Similarly, Liu explained that Taiwan may help protect itself from harm by identifying which sectors are actually hurt by the trade war; because of the fact that 80% of Taiwanese companies operating in China produce intermediate goods, it is not certain whether these goods are being produced solely for Chinese consumption or if they are being reproduced in China and then sold by China to the American market. Liu explains that the Taiwanese guiding principle for how to manage the effect of the trade war is “don’t panic, but get ready for it.”
And even if Taiwan is making strident efforts to diversify its portfolio and plan accordingly to mitigate the potential negative consequences of the U.S.-China trade war, many Taiwanese companies operating in China claim not to be suffering from the fallout.

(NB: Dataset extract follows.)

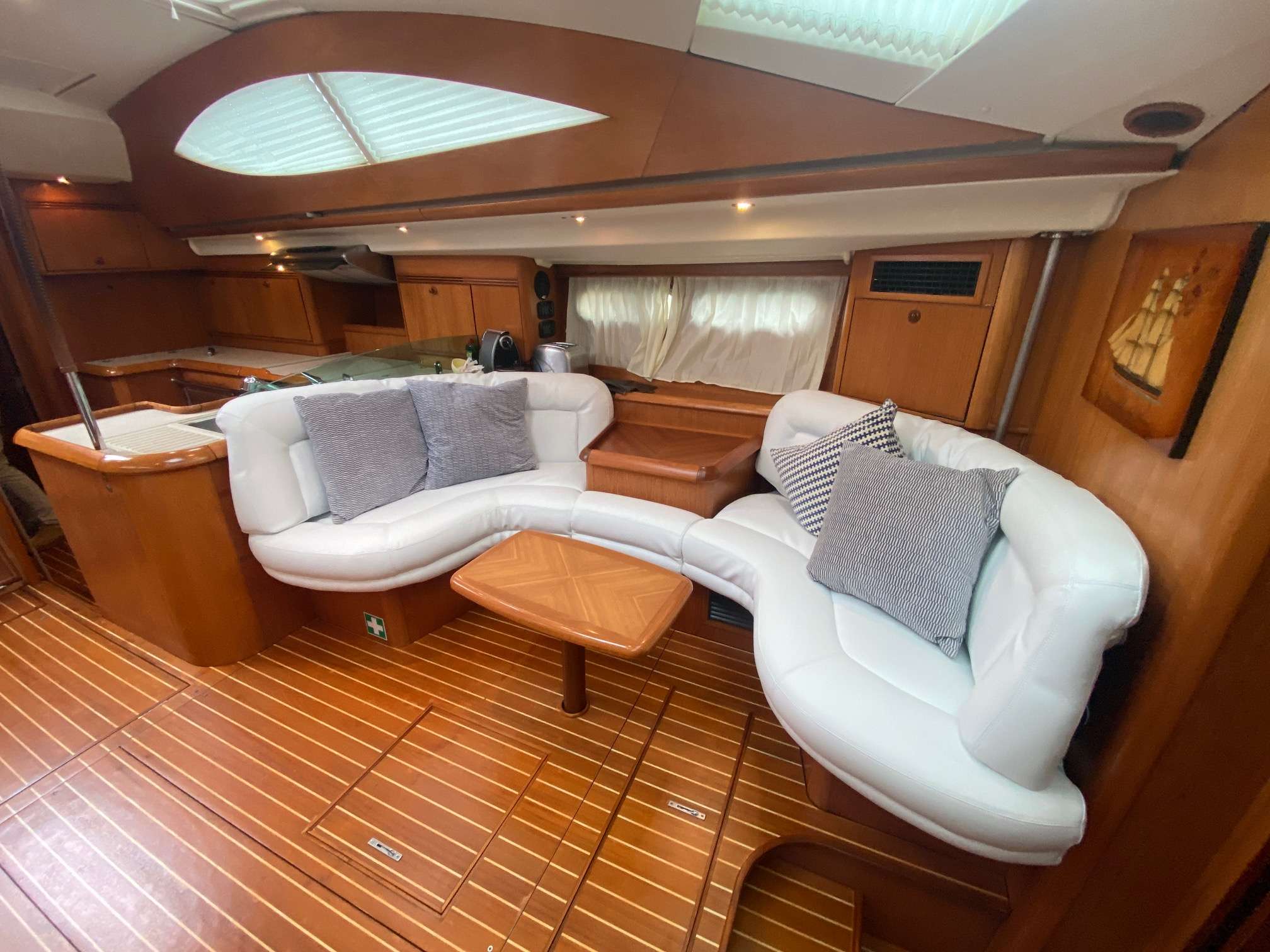 Yacht Photo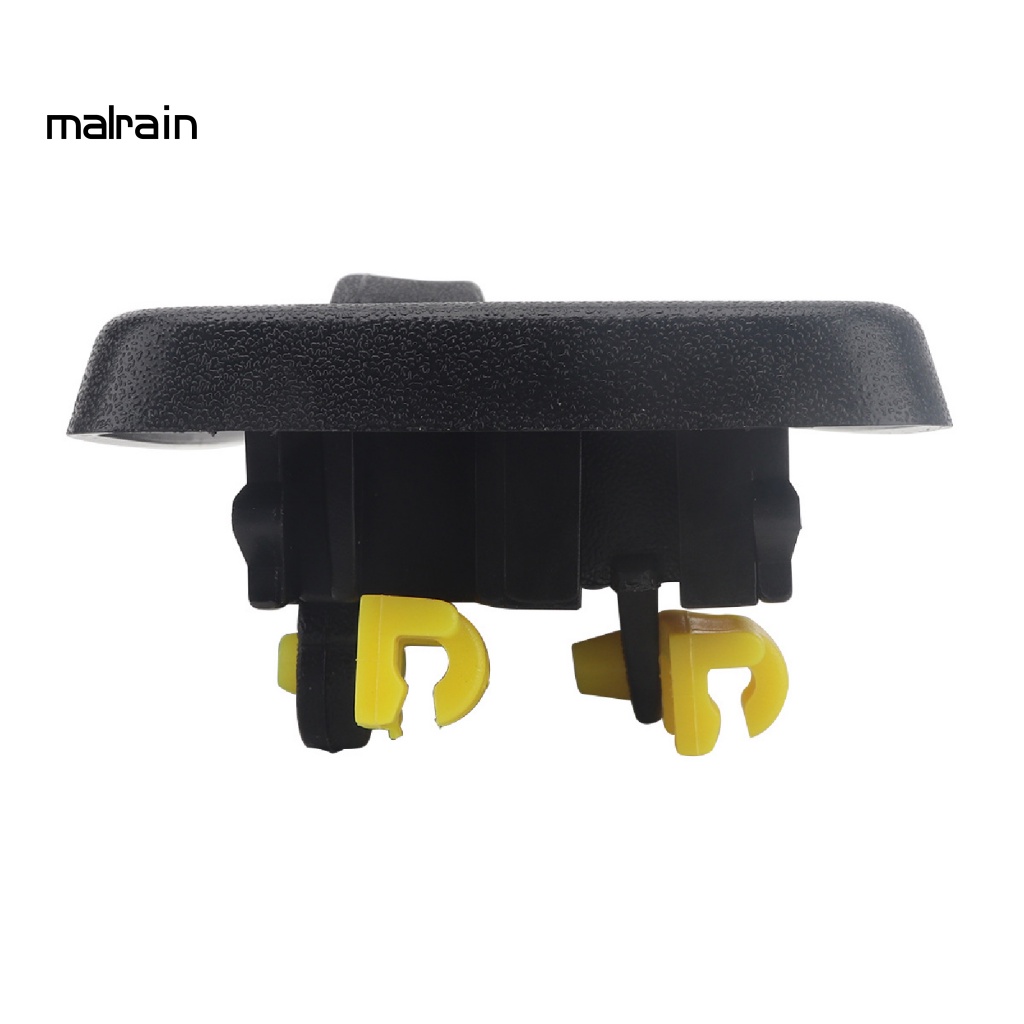 Tay Nắm Cửa Chất Liệu ABS Chuyên Dụng 55176476Tay Nắm Cửa Bên Phải Trong AB Dành Cho Jeep Wrangler 1987-2004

In the most recent surveys among Taiwanese companies operating in the Sichuan province of China in which businesses were asked, “Do you sense the shock [of the trade war]?” the majority response was that companies had not yet felt the impact. This is due in part to Taiwan pursuing new contracts with NSP member countries and forming new contracts and hedging strategies, but also due to fact that two of Taiwan’s major exports, laptops and cellphones, have not been included in any of the tariffs so far. Another assessment in three to six months will likely render a more specific answer.
Liu summarized Taiwan’s position within the trade war and how it can preserve its economic well-being by explaining that bilateral trade frictions between China and the United States may actually lead to the NSP’s success and Taiwan gaining more trade partners. NSP functioned, Liu explained, as a structural reform that eliminated outdated policies, which may “show the world” that Taiwan is qualified to participate in the CPTPP, RCEP, or more bilateral FTAs. Then, even if China blocked Taiwan from signing on to these regional trade regimes or bilateral trade agreements, Taiwan would still be able to pursue trade projects with a more robust network of regional actors or engage in people-to-people exchanges, which lend to collaboration in science and technology. Liu also pointed out that the impact of the trade war could potentially lead to collaboration between Taiwan and competitors such as Japan and South Korea.
Ultimately, the U.S.-China trade war may not significantly damage Taiwan’s economy, and could potentially catalyze Taipei’s trade portfolio diversification. Nevertheless, Liu affirmed that China and Taiwan should look to reestablish formal communication channels, seeking a jointly-agreed upon framework for how to protect the more than 2 million Taiwanese business professionals working in China.